Search code examples
elasticsearchelasticsearch-painless

ElasticSearch, simple two fields comparison with painless


I'm trying to run a query such as SELECT * FROM indexPeople WHERE info.Age > info.AgeExpectancy

Note the two fields are NOT nested, they are just json object

POST /indexPeople/_search
{
  "from" : 0,
  "size" : 200,
  "query" : {
    "bool" : {
      "filter" : [
        {
          "bool" : {
            "must" : [
              {
                "script" : {
                  "script" : {
                    "source" : "doc['info.Age'].value > doc['info.AgeExpectancy'].value",
                    "lang" : "painless"
                  },
                  "boost" : 1.0
                }
              }
            ],
            "adjust_pure_negative" : true,
            "boost" : 1.0
          }
        }
      ],
      "adjust_pure_negative" : true,
      "boost" : 1.0
    }
  },
  "_source" : {
    "includes" : [
      "info"
    ],
    "excludes" : [ ]
  }
}

However this query fails as

{
  "error" : {
    "root_cause" : [
      {
        "type" : "script_exception",
        "reason" : "runtime error",
        "script_stack" : [
          "org.elasticsearch.index.fielddata.ScriptDocValues$Longs.get(ScriptDocValues.java:121)",
          "org.elasticsearch.index.fielddata.ScriptDocValues$Longs.getValue(ScriptDocValues.java:115)",
          "doc['info.Age'].value > doc['info.AgeExpectancy'].value",
          "               ^---- HERE"
        ],
        "script" : "doc['info.Age'].value > doc['info.AgeExpectancy'].value",
        "lang" : "painless",
        "position" : {
          "offset" : 22,
          "start" : 0,
          "end" : 70
        }
      }
    ],
    "type" : "search_phase_execution_exception",
    "reason" : "all shards failed",
    "phase" : "query",
    "grouped" : true,
    "failed_shards" : [
      {
        "shard" : 0,
        "index" : "indexPeople",
        "node" : "c_Dv3IrlQmyvIVpLoR9qVA",
        "reason" : {
          "type" : "script_exception",
          "reason" : "runtime error",
          "script_stack" : [
            "org.elasticsearch.index.fielddata.ScriptDocValues$Longs.get(ScriptDocValues.java:121)",
            "org.elasticsearch.index.fielddata.ScriptDocValues$Longs.getValue(ScriptDocValues.java:115)",
            "doc['info.Age'].value > doc['info.AgeExpectancy'].value",
            "               ^---- HERE"
          ],
          "script" : "doc['info.Age'].value > doc['info.AgeExpectancy'].value",
          "lang" : "painless",
          "position" : {
            "offset" : 22,
            "start" : 0,
            "end" : 70
          },
          "caused_by" : {
            "type" : "illegal_state_exception",
            "reason" : "A document doesn't have a value for a field!
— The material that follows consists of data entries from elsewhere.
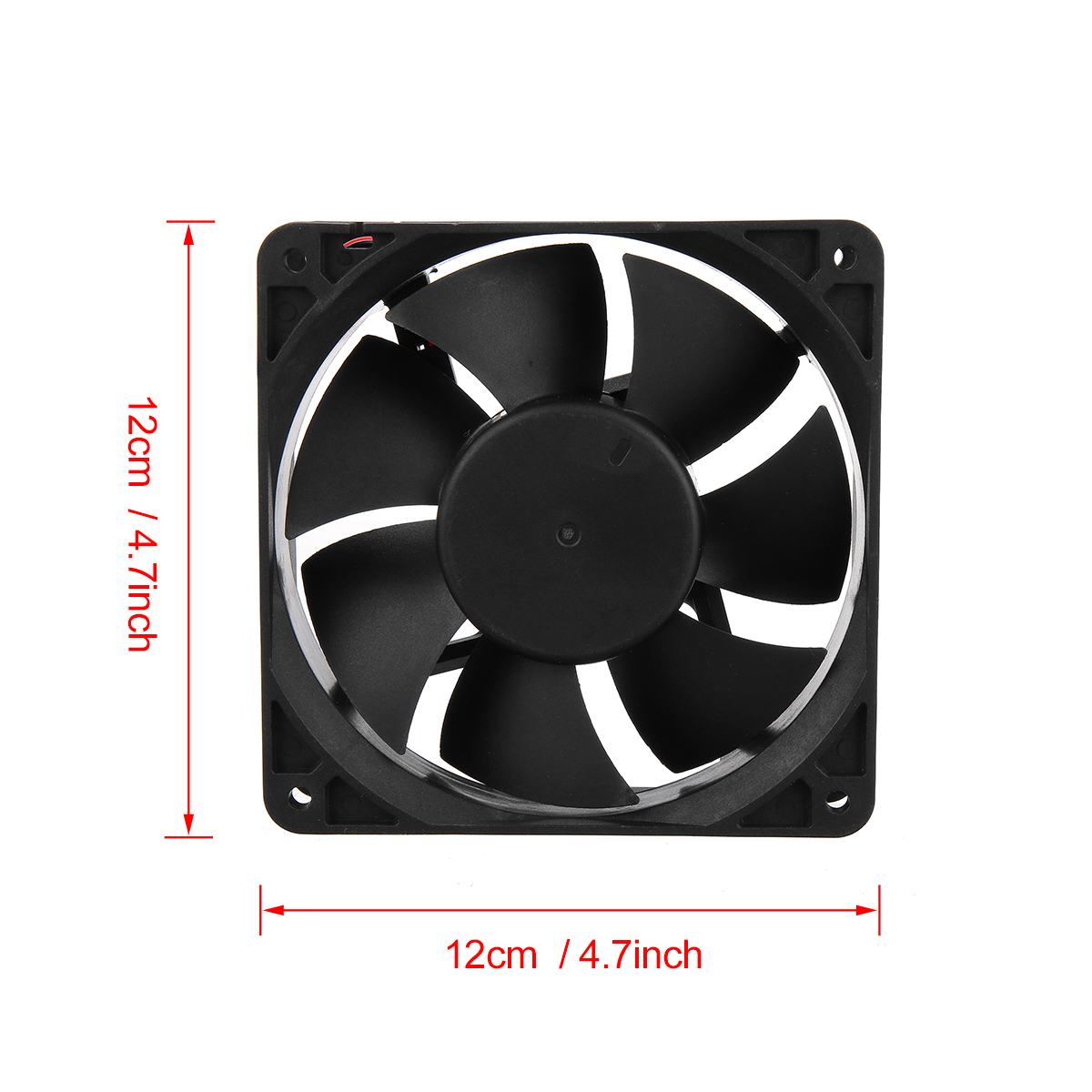 120mm-CPU-Fan-Big-4-Pin-12V-Ball-Bearing-Silent-Computer-Case-Cooling-Fan-Chassis-Cooling-CPU-Heatsi-1936967-9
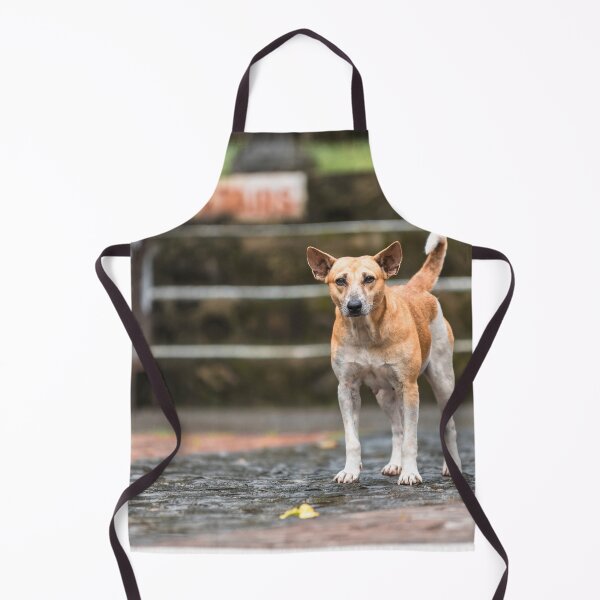 Item preview, Street Dog designed and sold by Lrenz.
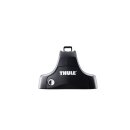 Thule Rapid System 754 (Viererpack)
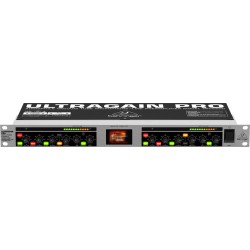 Behringer Mic2200 V2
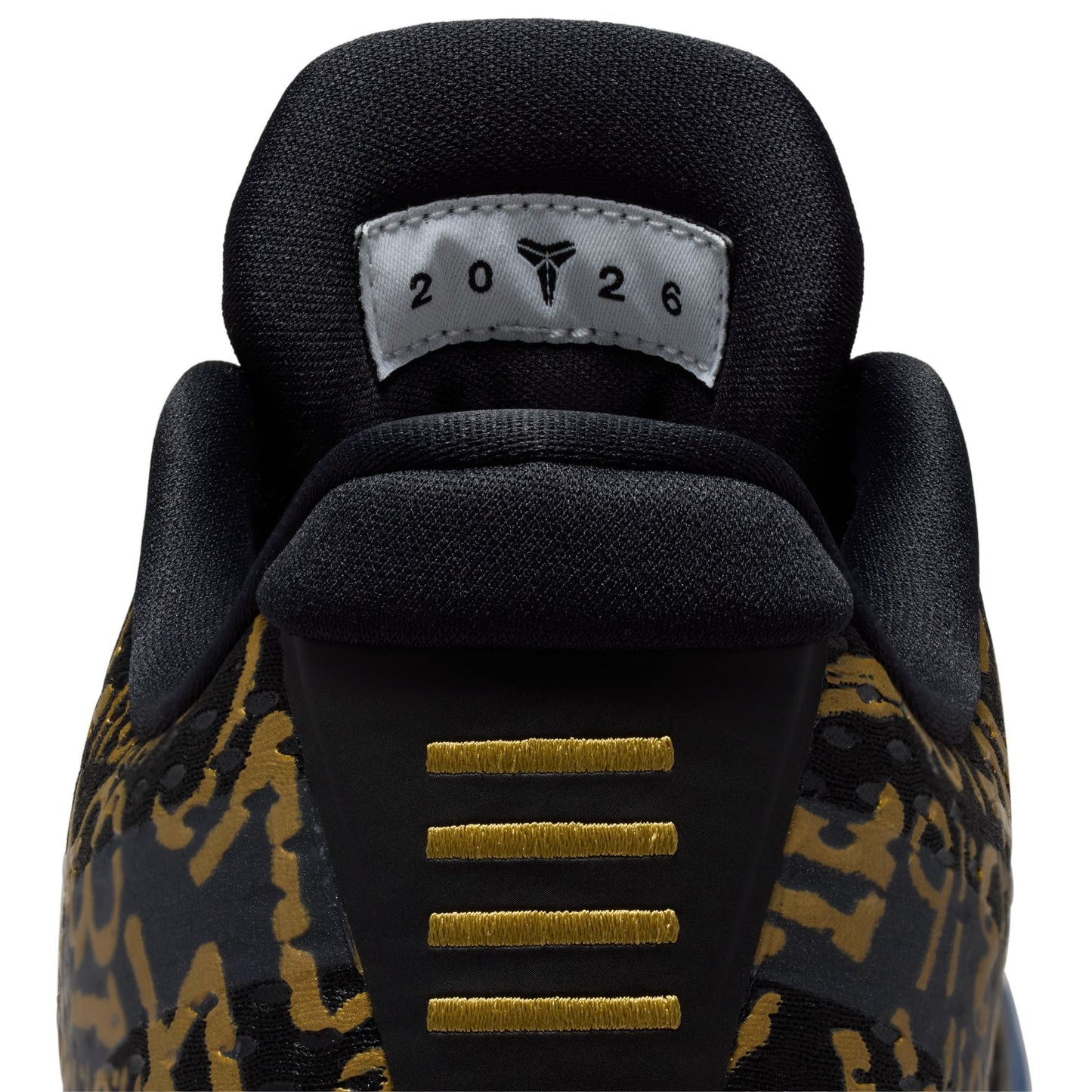 Men's Nike Kobe XI EM Protro - "Mamba Day"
Use doc[<field>].size()==0 to check if a document is missing a field!"
          }
        }
      }
    ]
  },
  "status" : 400
}

Is there a way to achieve this? What is the best way to debug it? I wanted to print the objects or look at the logs (which aren't there), but I couldn't find a way to do neither.

The mapping is:

{
  "mappings": {
    "_doc": {
      "properties": {
        "info": {
          "properties": {
            "Age": {
              "type": "long"
            },
            "AgeExpectancy": {
              "type": "long"
            }
          }
        }
      }
    }
  }
}

Solution

  • perhaps you already solved the issue. The reason why the query failed is clear:

    "caused_by" : {
                "type" : "illegal_state_exception",
                "reason" : "A document doesn't have a value for a field! Use doc[<field>].size()==0 to check if a document is missing a field!"
    }
    

    Basically there is one or more document that do not have one of the queried fields. So you can achieve the result you need by using an if to check if the fields do indeed exists. If they do not exist, you can simply return false as follows:

    {
      "script": """
        if (doc['info.Age'].size() > 0 && doc['info.AgeExpectancy'].size() > 0) {
          return doc['info.Age'].value > doc['info.AgeExpectancy'].value
        }
        return false;
    }
    """
    

    I tested it with an Elasticsearch 7.10.2 and it works.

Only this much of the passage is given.